Delivering customer experiences (like, the amazing kind that attracts new customers and keeps the current ones sticking around) is hard, because CX is an ecosystem now.
The modern customer experience goes beyond your product. CX is every single interaction your customer has with your business, from the start of the sales cycle to the most minute interaction within your product 5 years down the line.
If the modern customer experience goes beyond their use of the product, so too should the ways you gather customer data.
Quantitative data is vital to understanding your users and how and when they use your product. However, to truly grasp how your customers are interacting with your business—what they need up and down the customer journey—you need context.

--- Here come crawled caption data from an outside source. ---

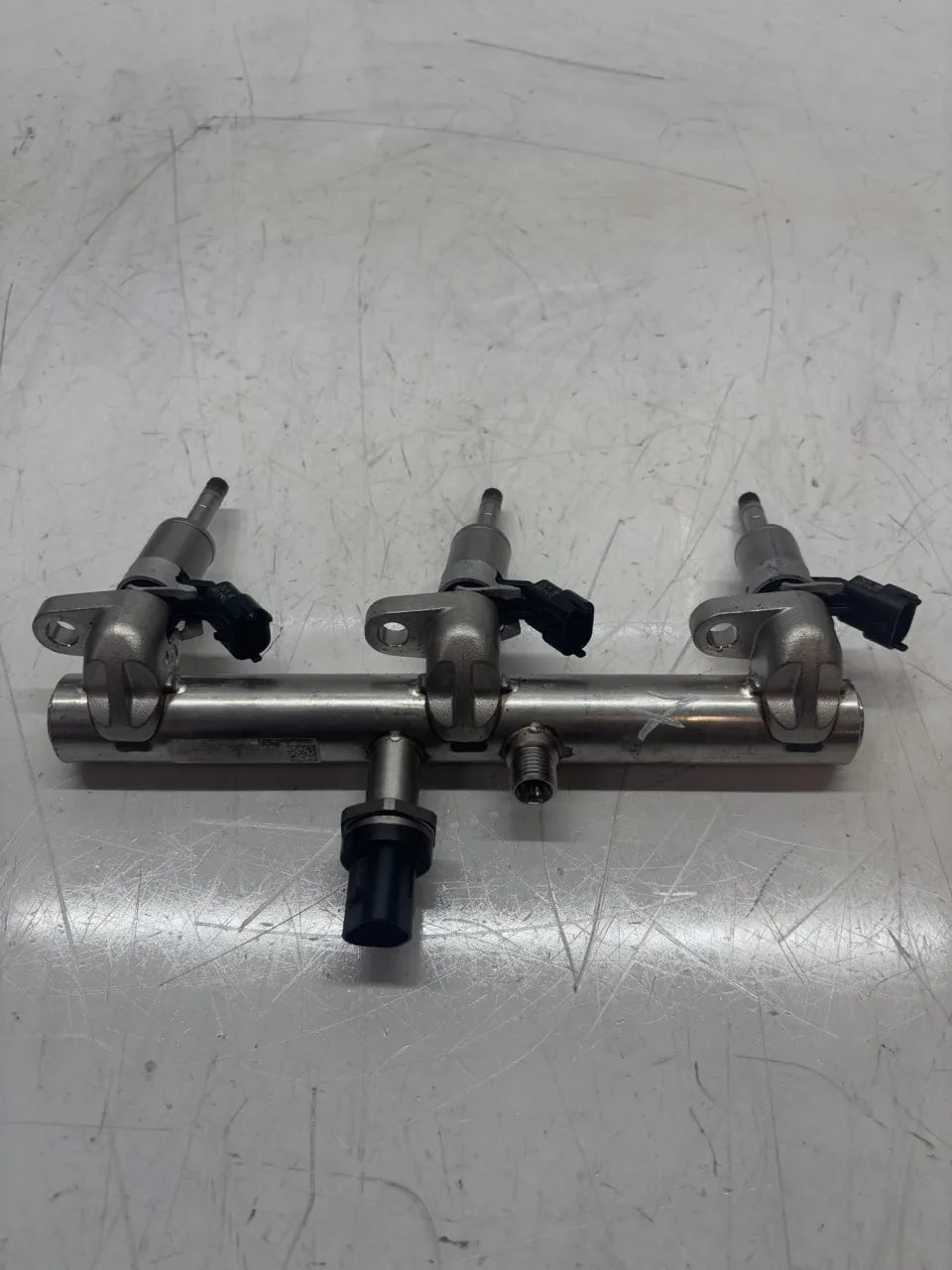 Riel inyector Alfa Romeo Giulia 952 2.9 gasolina 670053476 0670050573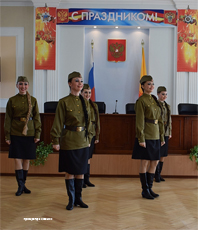 Sledovateli SU SKR po CHuvashii i sotrudniki prokuratury CHuvashii pochtili Den Pobedy17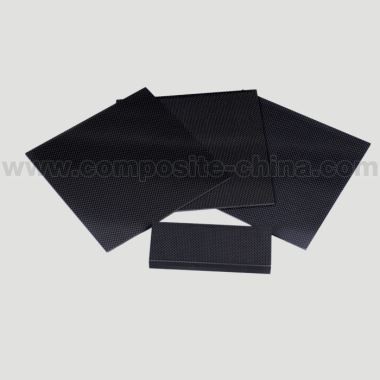 カーボンファイバープレート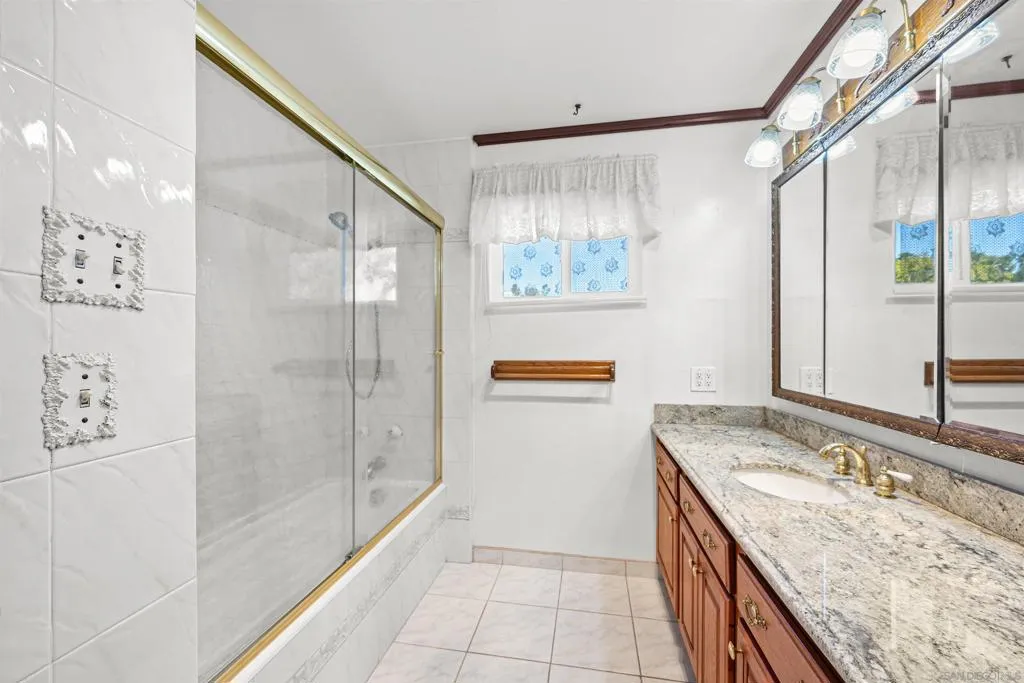 4617 Schaumberg Pl, Bonita, California 91902 home-pic-32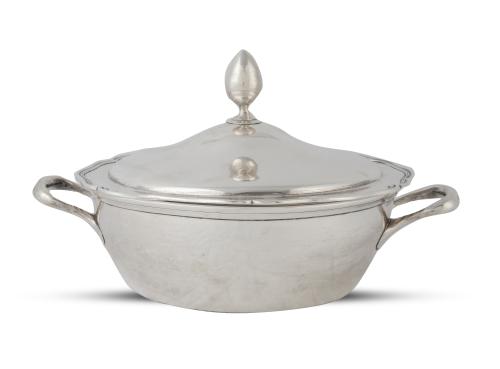 Legumbrera de plata en su color, con tapa rematada por una 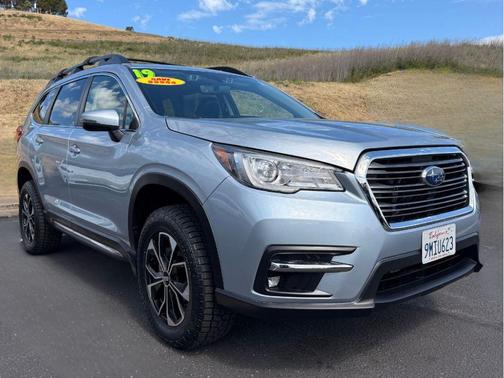 Ice Silver Metallic 2019 Subaru Ascent Limited 7-Passenger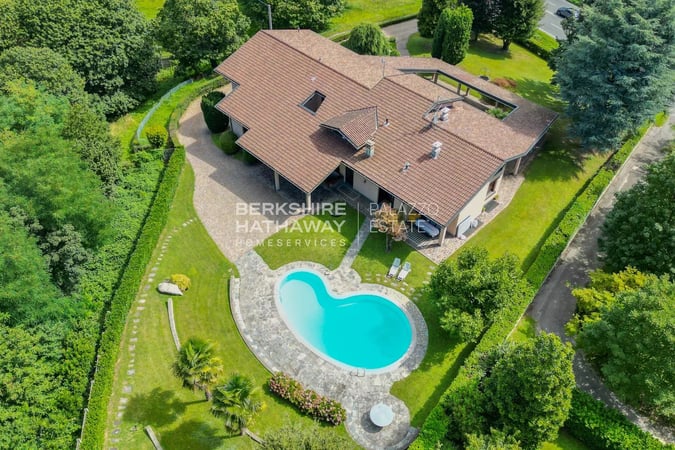 Villa in Inverigo - view 1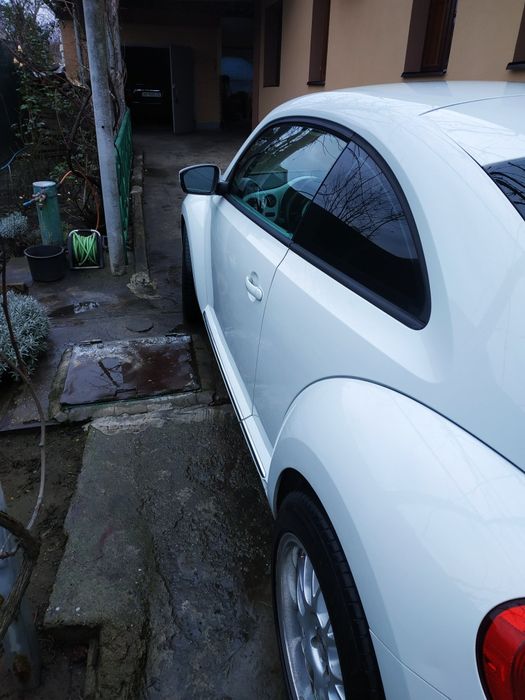 Продам vw deetle 2013 1.8т 10300 долларов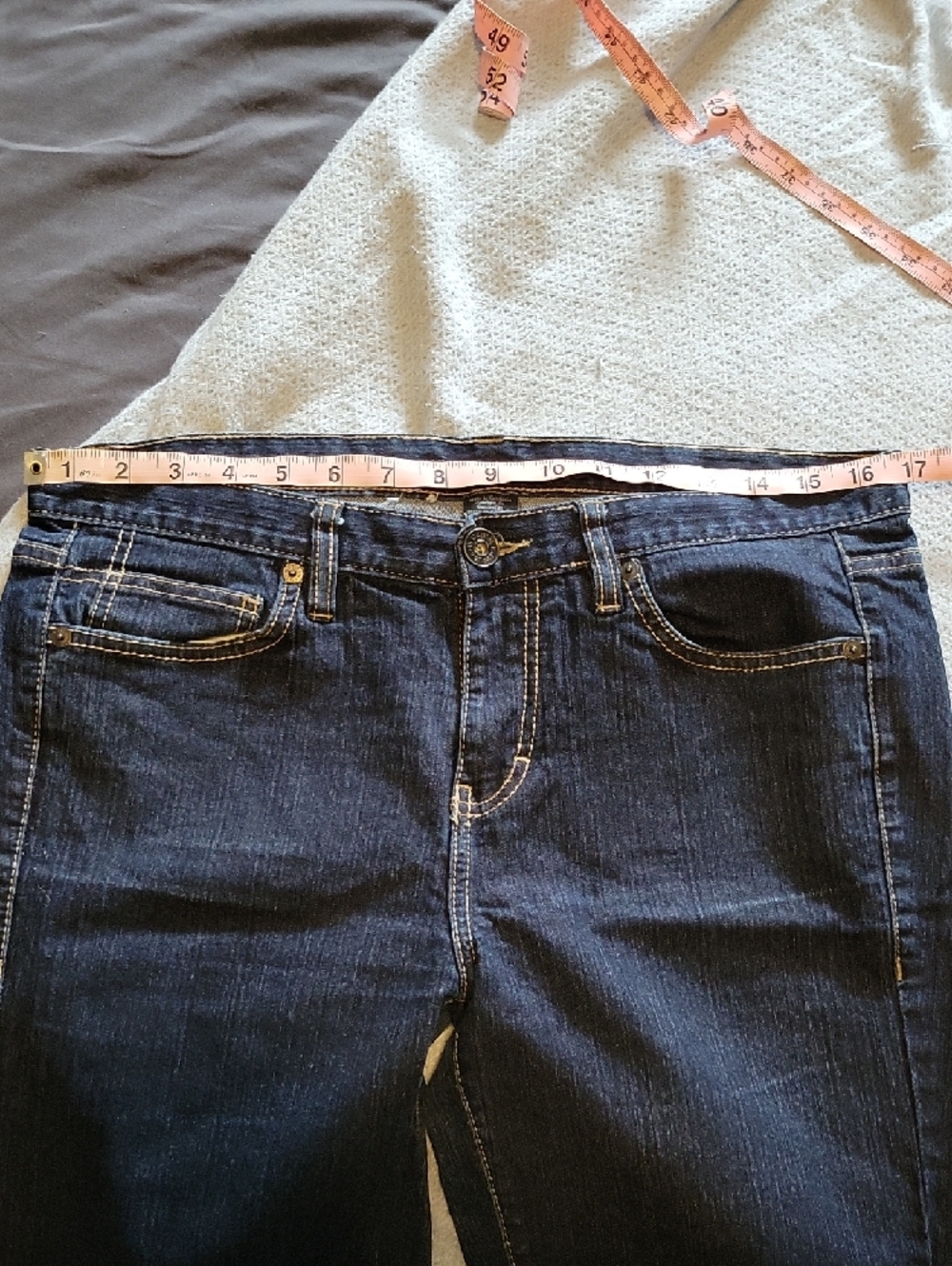 Calvin Klein Skinny Women's- 30x10 - Picture 4 of 9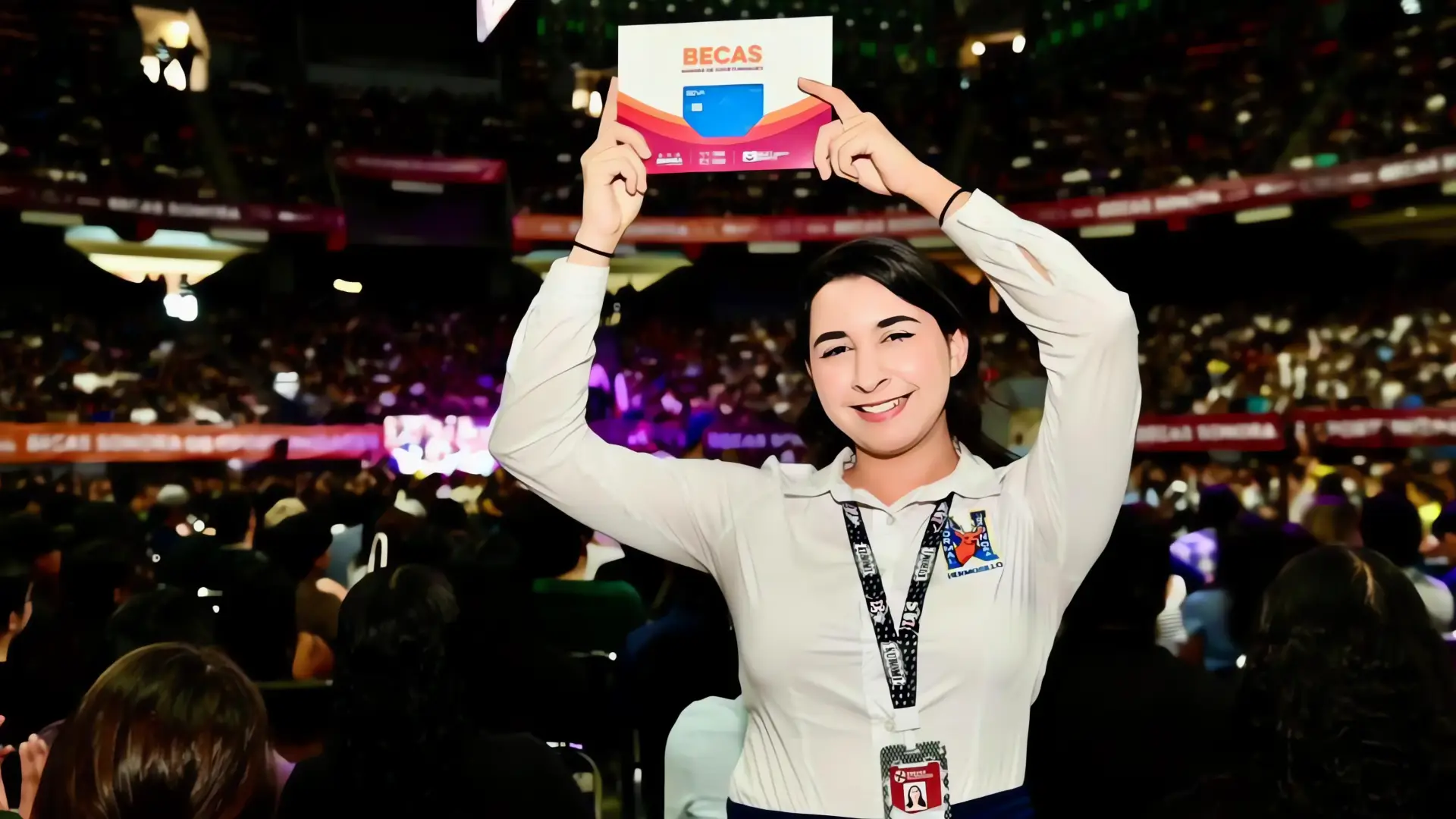 Aumentan becas para estudiantes universitarios
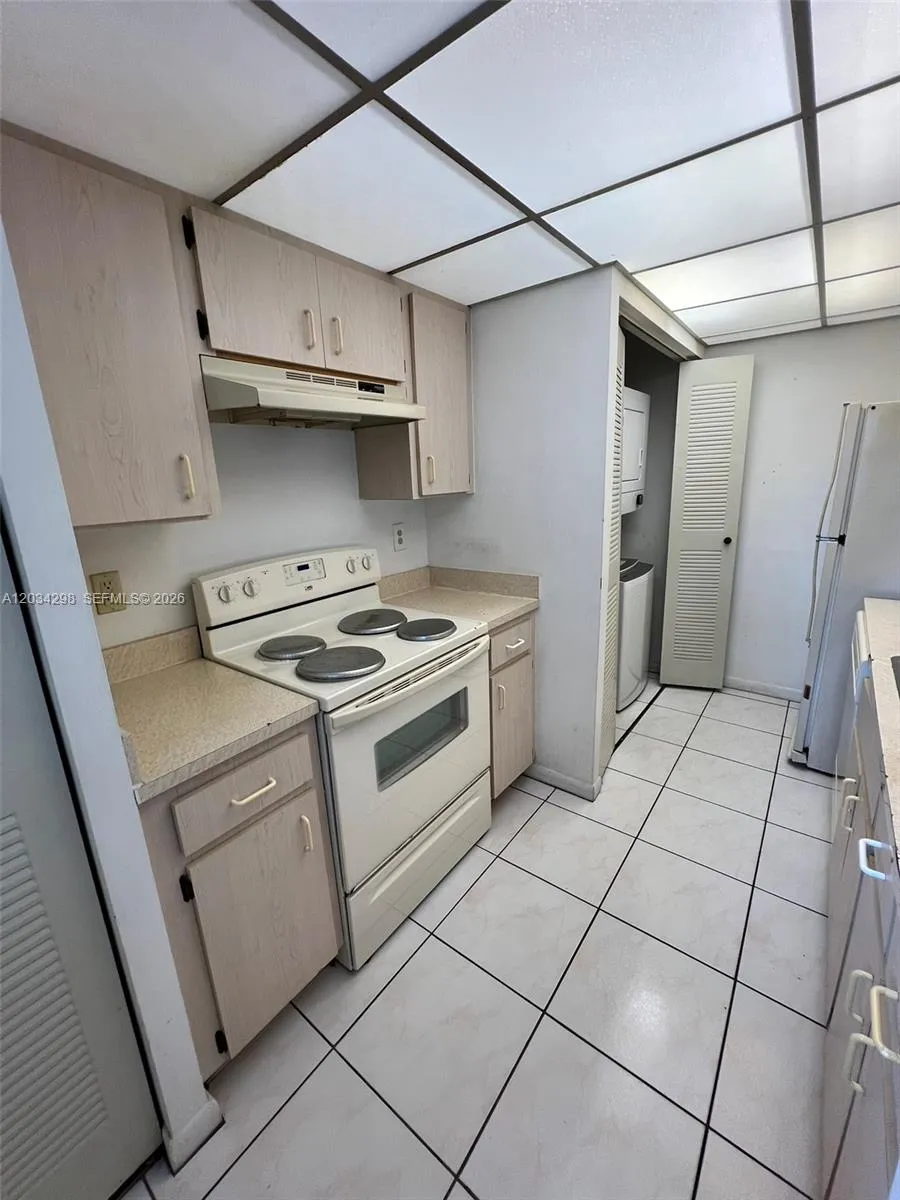 9710 Hammocks Blvd #204-31 Miami, FL 33196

Context is everything. It is all.
Gathering context requires different methods of collecting quantitative and qualitative customer data. In turn, you get meaningful insight into not just your product, but something more fundamentally important: your customer’s journey.
Going Beyond The Product
According to the “Win with Customer Experiences” survey, nearly half (47%) of the IT leaders and enterprise architects surveyed stated that ignoring or the inability to track customer needs was the biggest pitfall in delivering CX. Ignoring customers needs outside of your product is hazardous to the customer journey.
Your product is a just another milestone on the customer journey map. Not only do you need to understand the user wholly within your product, but outside of it as well.
Take for example, YouTube. YouTube’s product is clearly the best of its kind. It’s a video player that easily lets you upload videos, discover and watch videos, and create communities around your video content. There’s not much else to add to or improve. I recently subscribed to YouTube Premium. To add my husband to the plan felt like I had to move mountains. The product works. The experience, for me, doesn’t, and is why I still have only a personal membership.
This is just one example of why it’s important to understand the customer and their context beyond the product.
Getting Out and Talking to Your Customers
Want to truly understand your customers? You need the right mix of data and you need to expand where you find it.
The Right Mix of Data
If you’re a B2B SaaS company, you probably have analytical instrumentation. It’s impressive how much data we can collect from our users in our SaaS products. Heatmapping, click and scroll tracking, log-in frequency, bounce rate, are all incredibly useful methods to giving you insight as to how your customer is using your product. You can use this information to develop a new feature or improve a current one. However, those findings need to be augmented with qualitative data too. Which is why a lot of companies pair their UX behavioral research with attitudinal research, to not only understand that a customer isn’t, say, logging in as frequently, but why they aren’t.
Your customers are humans with feelings, frustrations, and bliss.
You need context because your customers are not a Seurat-esque collection of data points from your monitoring tool that paint a picture of your user. Your customers are humans with feelings, frustrations, and bliss. Which is why that analytic instrumentation data (behavioral) should be paired with Attitudinal research. The right mix of the two types of research can give you the “clearest view of a design problem.” You can understand the motivation of your users and therefore decide what to do (or not do.)
Win/Loss and Expansion/Churn Interviews
What are the tools we use to get qualitative and quantitative data outside of the product?
NPS surveys are useful, but like the instrumentation I describe above, the results do not paint the whole picture.
A good way of understanding your customers on either side of the sales cycle, and outside of the product is to conduct win/loss (pre-sale) and expansion/churn (post-sale) interviews. The point of these interviews are not merely to understand why you won or lost the deal or why the customer chose to stick with you or not. They provide insight into the buyer’s interaction with the business.
The interviews are conducted after a sales cycle, and have to be structured in an open-ended way. Open-ended questions might reveal:
- information about the competitors that you won or lost against
- how clear (or unclear) your product is marketed or talked about in discovery calls
- the context of how a call or email was received
- feelings about the post-sale side of things like your billing processes, your customer success team and their processes, your customer service phone tree
- and maybe a little about the product.
Customer Advisory Boards
Another great method is to host a customer advisory board, which allows you to have conversations with a select group of customers telling you what’s working and what’s not, in your product and outside of it. An added bonus is that you foster networking among your customers, which allows them to share best practices.
Conducting these interviews and hosting regular advisory boards is very much part of the customer journey too. Being on an advisory board can make customers feel heard and special.
Activating Your Findings
Eventually, after you pore through the transcripts of these interviews, you start to identify patterns of behavior. Because these answers were given genuinely and without leading questions, the patterns of information you see will also be genuine, which then leads to a more genuine improvement of the way your customers interact with your business.
A Little Buy-in Never Hurts
Another thing you need to better understand your customers is buy-in into programs like these. Or, if you’re in a leadership role, you need to give the go-ahead to your product management and product marketing teams to get this vital information. If you’re serious about improving customer experience, you need to invest in programs like these.
Context Paints the Whole Picture
The customer journey requires you getting a holistic picture of your customers and treating them more than a work of data pointillism. Learn to understand your users, their joys and frustrations inside and outside of your product. It’ll help you find improvements in places that you wouldn’t have ever considered before. Context is all.